I'm tired of Python, so I analyzed the data with nehan (corona related, is that word now?)


Hello, this is sunfish. Data analysis using Python has become popular these days, but it is difficult to master. The goal is to struggle with Python, and the business improvement that I originally wanted to achieve is here. .. .. I would like to introduce an example of analyzing data using the GUI tool "nehan" to solve such problems.

Looking back on the number of occurrences of a specific word from Twitter data

More than half a year has passed since the coronavirus became a social problem. Let's follow the number of occurrences of that word from the tweet data for the past two months.

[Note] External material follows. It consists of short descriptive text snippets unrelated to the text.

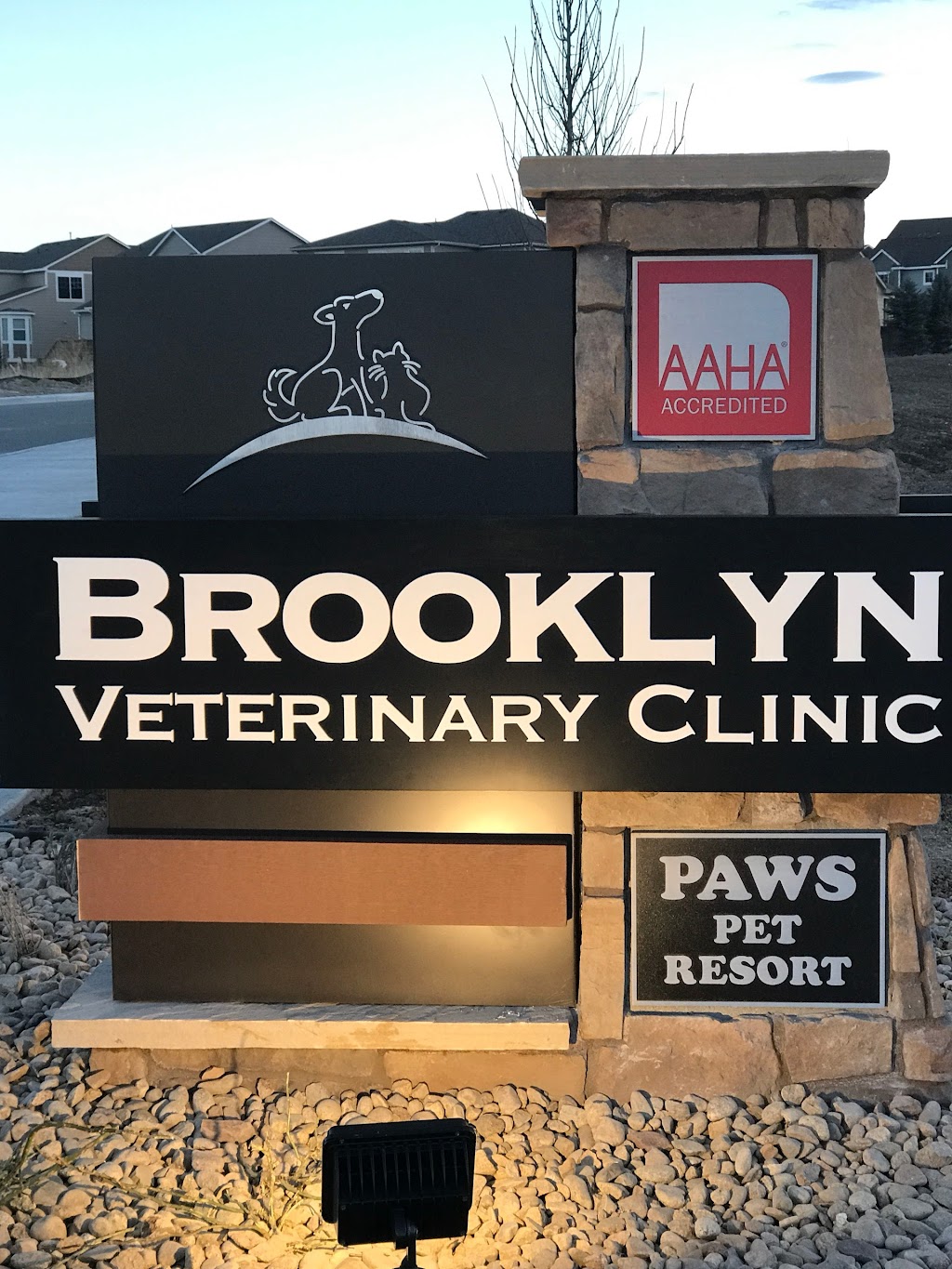 Brooklyn Veterinary Clinic | 1320 Virtuoso Loop, Castle Rock, CO 80109, USA | Phone: (303) 688-9352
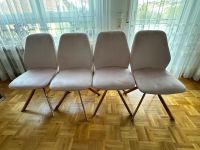 4 Stühle aus Samt VB Baden-Württemberg - Ettenheim Vorschau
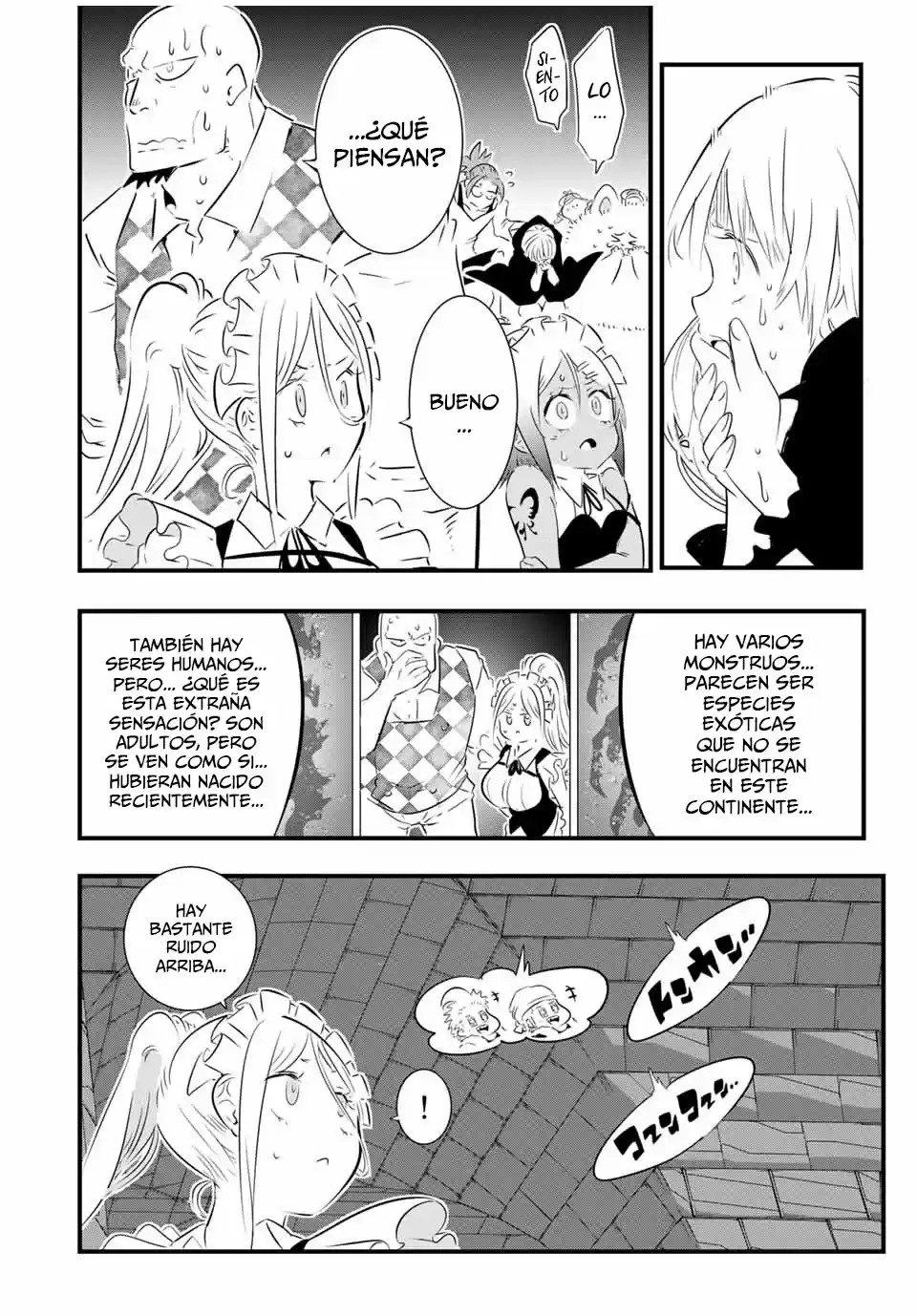 Tensei Shitara dai Nana Ouji dattanode, Kimamani Majutsu o Kiwamemasu (2020) - Capítulo 62 - Página 4 - LectorTMOo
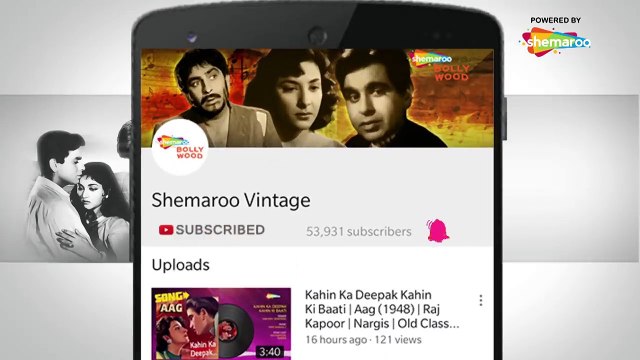 Tujhe Jeevan Ki Dor Se -/Asli Naqli (1962) /Dev Anand, Sadhana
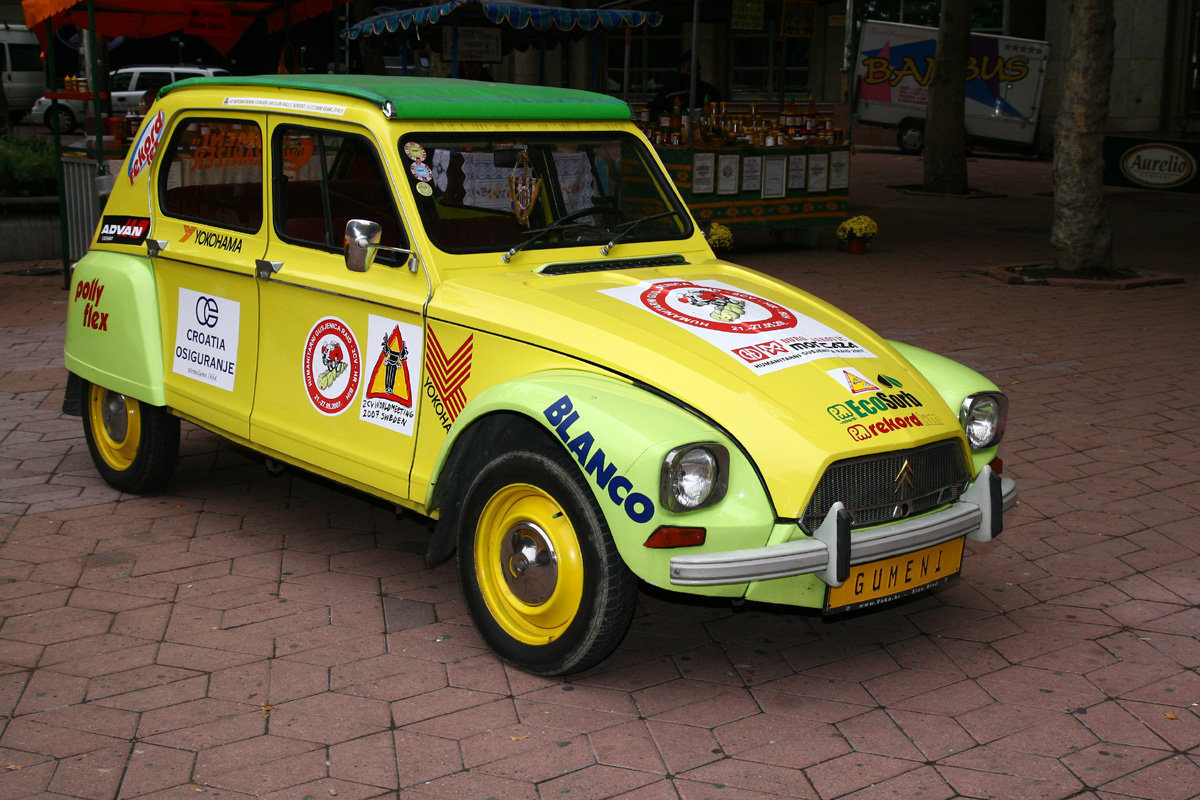 Tomos-Citroen Acadiane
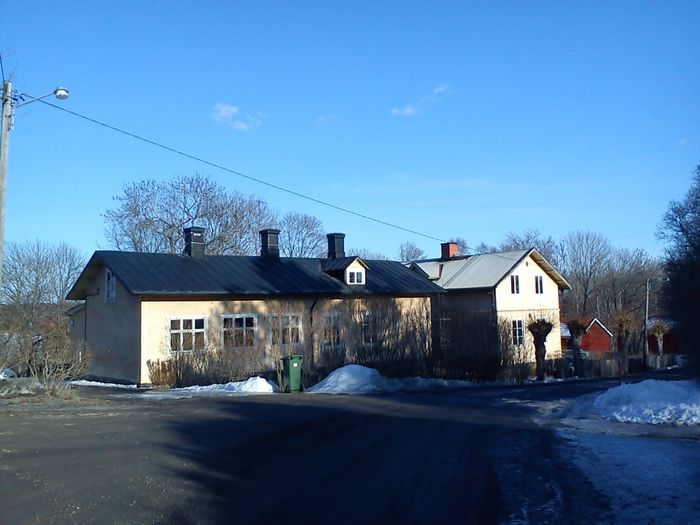 Hilleshögs gamla skola
Färingsö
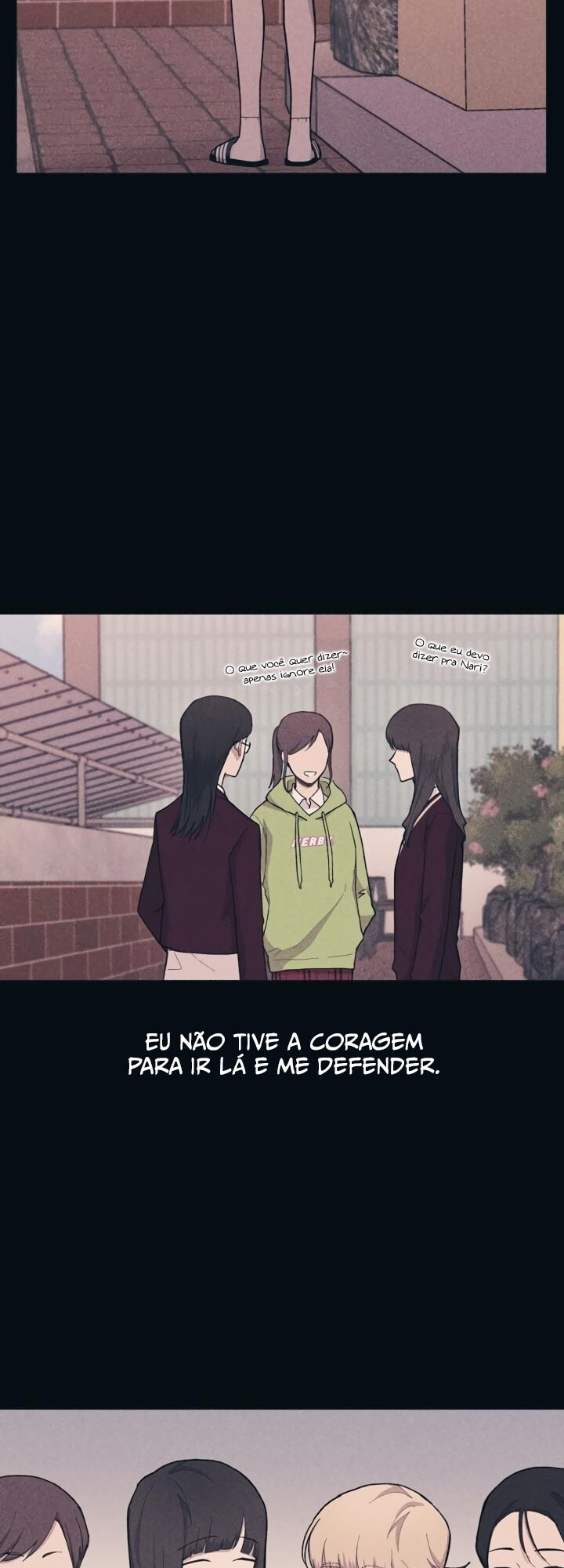 Yeonwoo's Innocence Capítulo 19 Página 32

nehan can directly import Twitter data, and this time I used that function. I will introduce it later. Every day from July 27, 2020 ** 3,000 tweets including "Corona" in the tweet text are accumulated and data for about 2 months is prepared. Click here for details of the data (https://sunfish.nehan.io/datasources_v2/3424) スクリーンショット 2020-09-28 19.13.12.png


1. Select columns only for Text and Created_At to be used
port_2 = port_1[['Created_At', 'Text']]

スクリーンショット 2020-09-28 19.14.05.png

2. Change Created_At to date type
port_3 = port_2.copy()
port_3['Created_At'] = pd.to_datetime(
    port_3['Created_At'], errors='coerce', foramt=None)
port_3['Created_At'] = port_3['Created_At'].map(lambda x: x.date())

スクリーンショット 2020-09-28 19.14.16.png

3. Created_At, which cannot be changed to date type, is a missing value, so delete each row.
port_4 = port_3.copy()
port_4 = port_4.dropna(subset=None, how='any')

スクリーンショット 2020-09-28 19.14.31.png

Aggregate the number of words by day

4. Filter to tweets containing specific words
port_5 = port_4[(port_4['Text'].str.contains('cluster', na=False, regex=False))]

スクリーンショット 2020-09-28 19.14.53.png

5. Aggregate daily
port_9 = port_5.copy()
port_9 = port_9.groupby(['Created_At']).agg(
    {'Created_At': ['size']}).reset_index()
port_9.columns = ['Created_At', 'Line count']

スクリーンショット 2020-09-28 19.15.09.png

Visualize and consider


スクリーンショット 2020-09-28 19.17.44.png The word "cluster" is widely recognized as a symbol of explosive infection. The reason why it flew on 8/9 is probably due to the [Cluster Festival] held in Shibuya (https://news.yahoo.co.jp/articles/76e47dc2ce6608e018fe37bc92be296e381f76fa?page=1).


スクリーンショット 2020-09-28 19.17.57.png I also looked at this word, which made me feel nostalgic.


スクリーンショット 2020-09-28 19.18.11.png A new lifestyle is taking root, but it seems that the self-restraint mood is not completely over. It looks like it is gradually decreasing.


In order to get an exact result, I really have to do more pre-processing, but I tried to process the data simply for a rough observation and an introduction to nehan. In addition, the above source code is a copy of the code output by nehan's python export function.